Pressed into duty as the team’s backup to Marc-Andre Fleury last season after a blood-clot issue felled Tomas Vokoun, Zatkoff started the fourth game of the season. Florida clobbered him, 6-3.
Without prodding, Zatkoff brought up The Game as he was recounting his rookie season Thursday and looking ahead to 2014-15 while making a guest appearance at a Penguins youth camp at the RMU Island Sports Center.
“I had played five years in the minors and I had waited so long, I think I just put so much into that game instead of just being natural, letting the game come to me,” Zatkoff said. “Probably just trying to do a little too much.
“Once I was able to get that out of the system, I think I was able to settle down and just play.”
Did he ever.
After falling to 0-2 in a 4-3 loss Oct. 25 against the New York Islanders, Zatkoff won seven starts in a row and finished the season 12-6-2 with a 2.61 goals-against average and a .912 save percentage.
The more he won, the less there were calls for the Penguins to bring in a veteran goaltender — even after it became clear that Vokoun would not play following a procedure in training camp to dissolve the blood clot and months of being treated with blood-thinners.
The Penguins rewarded Zatkoff with a two-year, $1.2 million, one-way contract extension that kicks in for the upcoming season.
But that was under former general manager Ray Shero. His replacement, Jim Rutherford, signed goaltender Thomas Greiss in free agency.
At 28, Greiss is only one year older than Zatkoff, but Greiss has played more than three times as many NHL games.
A year ago, Zatkoff arrived at Penguins training camp with a realistic goal of establishing himself as the solid third-string goalie in the organization but spent the season as the No. 2. Next month, he will enter training camp trying not to fall to No. 3.
Rutherford has said Zatkoff and Greiss will face off for the backup role.

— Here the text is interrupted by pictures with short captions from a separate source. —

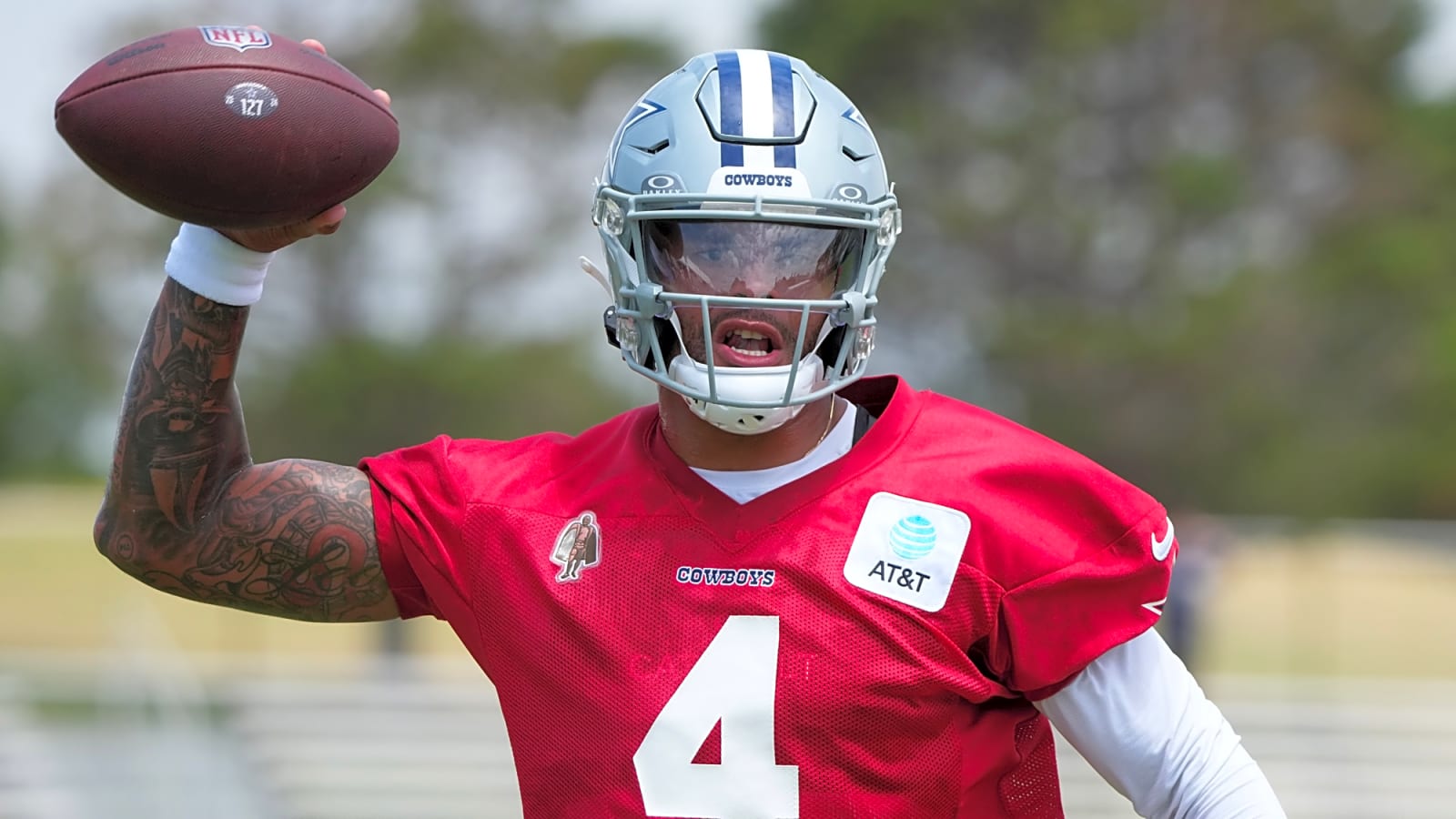 Former Cowboys Star Rallies Behind Dak Prescott After Dallas QB Defends Micah Parsons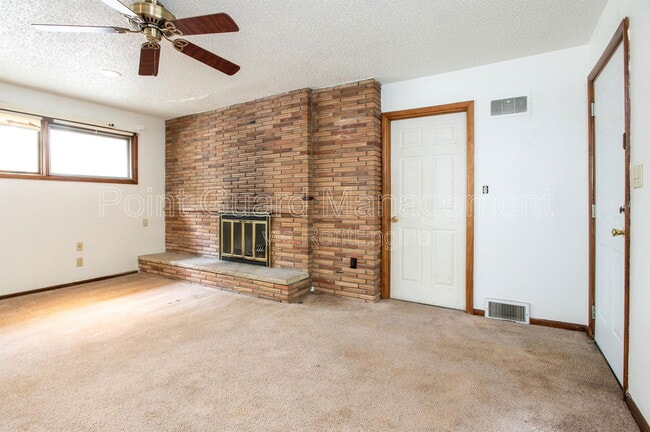 Building Photo - 1716 N Harvard Ave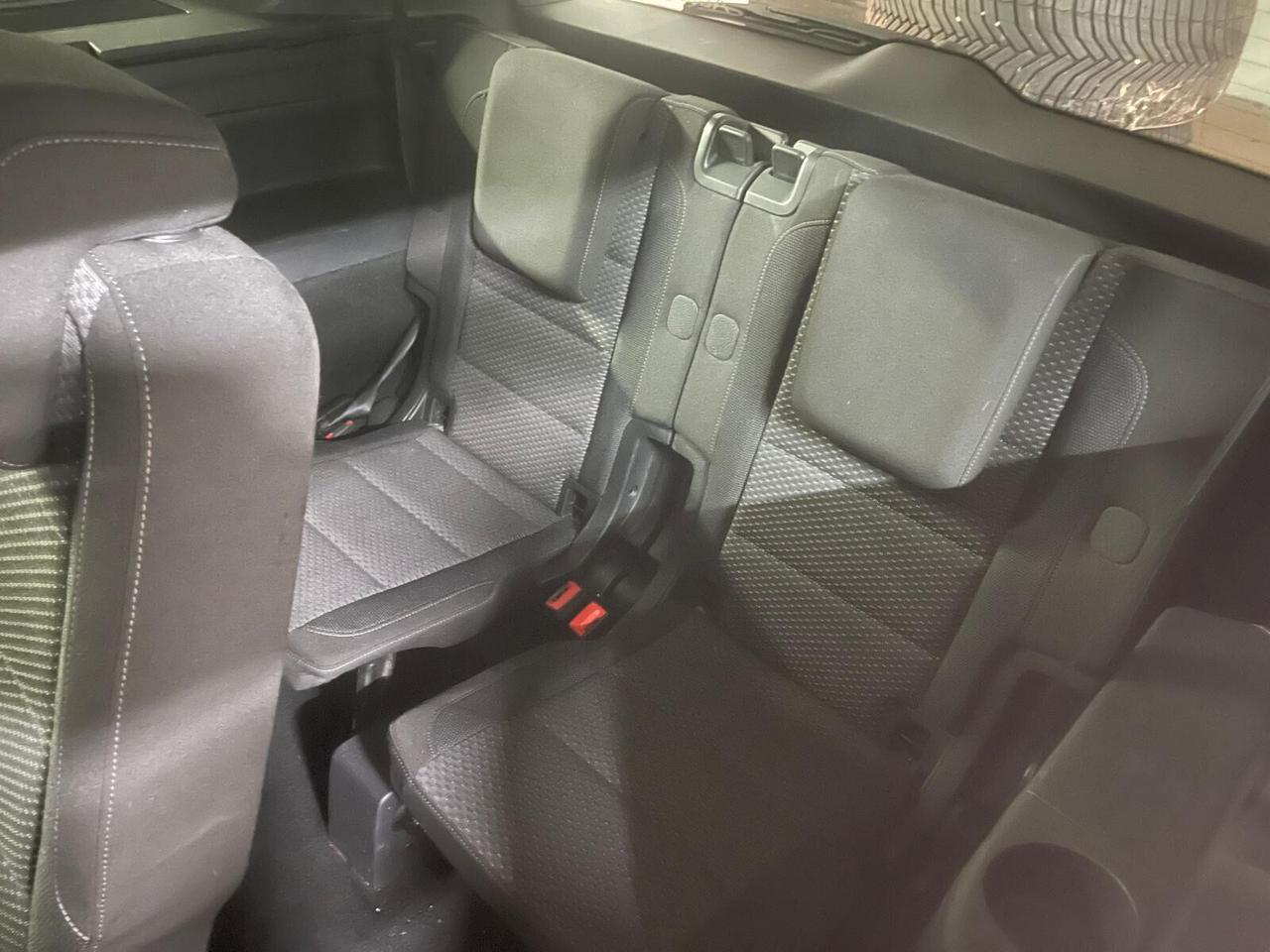 Volkswagen Touran 1.6 TDI 115 CV SCR DSG Executive BlueMotion Tech.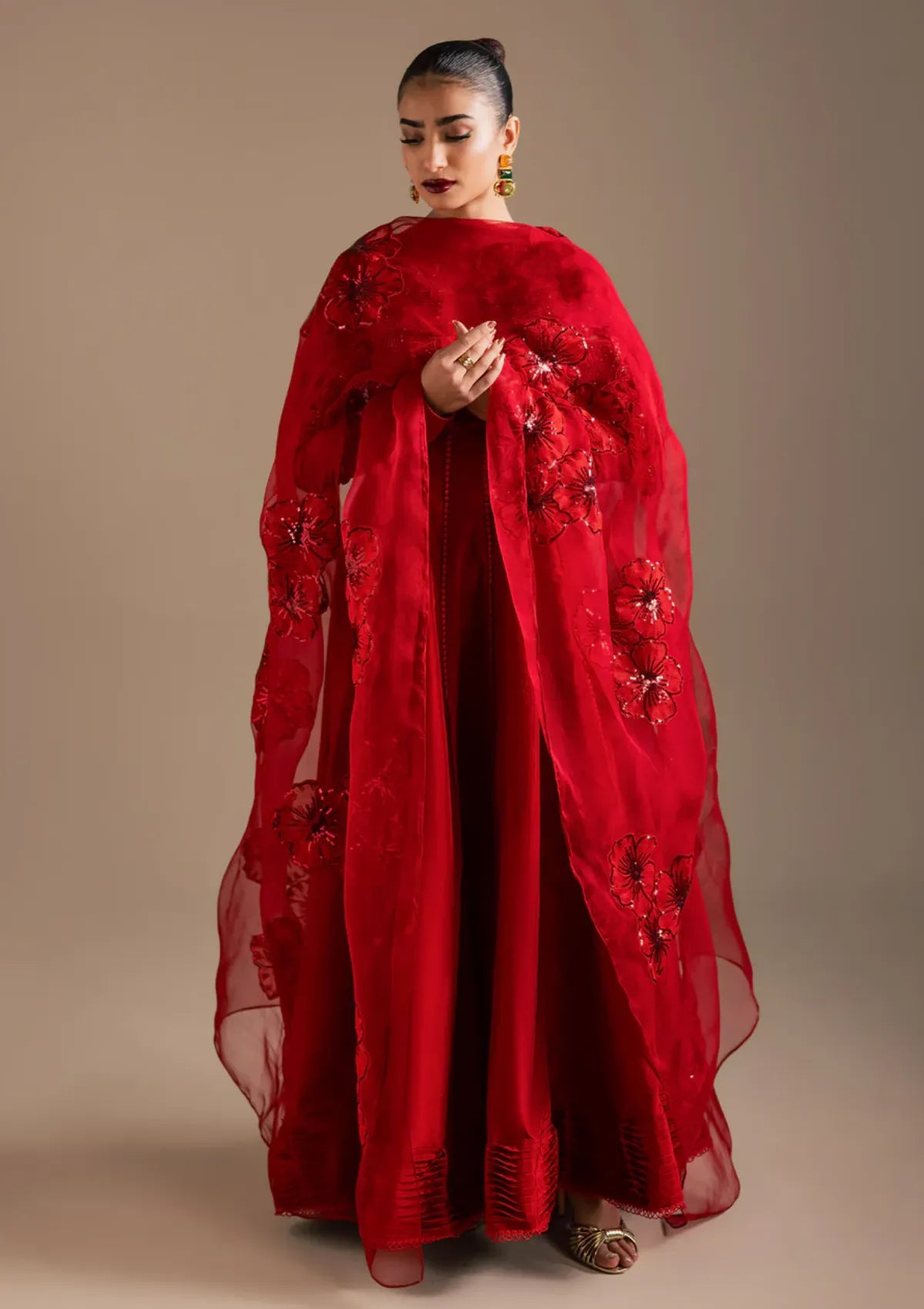 Maria Osama Khan Noir Bliss 2-26' D-08 Scarlet Mirage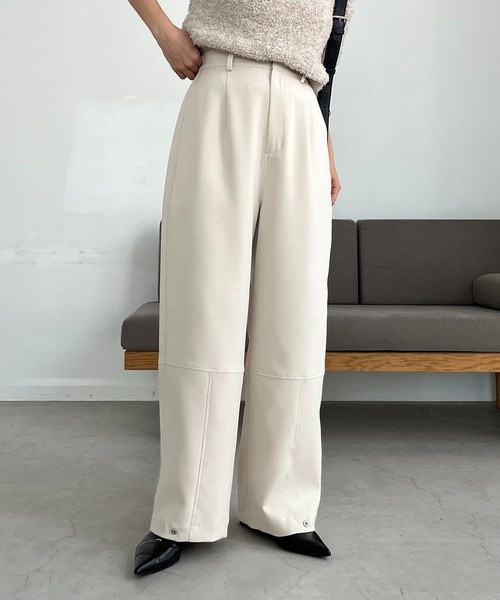 CAPRICIEUX LE'MAGE(カプリシューレマージュ)の「2WAY裾タックパンツ(その他パンツ・レディース・ホワイト系その他/ブラック・36/38)」の5枚目の写真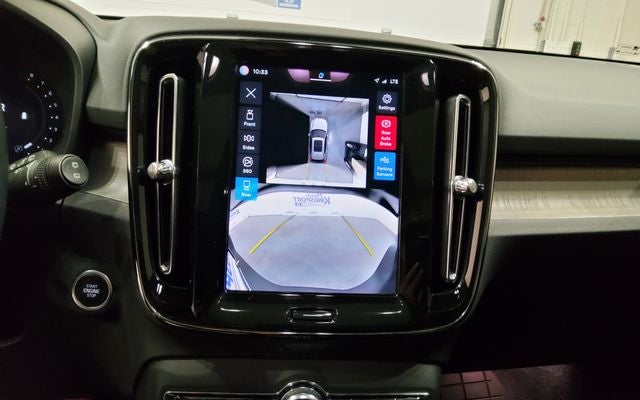 2024 Volvo XC40 B5 Plus Bright Theme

“It’s a different situation, but it’s the same in a sense in that I’m still battling for a spot,” Zatkoff said.
“I signed my extension under Ray and with Dan [Bylsma, the former coach].
“When new management comes in, anything can happen. It’s still battling for that spot. Who they bring in is out of my control.”
The Penguins will have a new system under coach Mike Johnston, and it seems likely that the defensemen’s assignments in their own end could change. The defensive corps also will have a different look after Brooks Orpik and Matt Niskanen left — and Christian Ehrhoff arrived — in free agency.
Zatkoff will have to adjust accordingly, but said all he can do is “try to make a good impression with the coach and try to fit in with the guys in the locker room.”
He has the advantage of knowing and having worked with most of his teammates and knowing that he successfully got past his version of The Game.
“I was able to build relationships with my teammates and establish those bonds. It helps,” he said. “At the same time, it’s a new coach, new management. I don’t know Greiss personally, but I’ve played against him a few times and I’ve seen him play. He’s a good goalie.
“You wouldn’t think they’re going to carry three goalies. I’m confident in my ability. We’ll wait and see how everything shakes out.”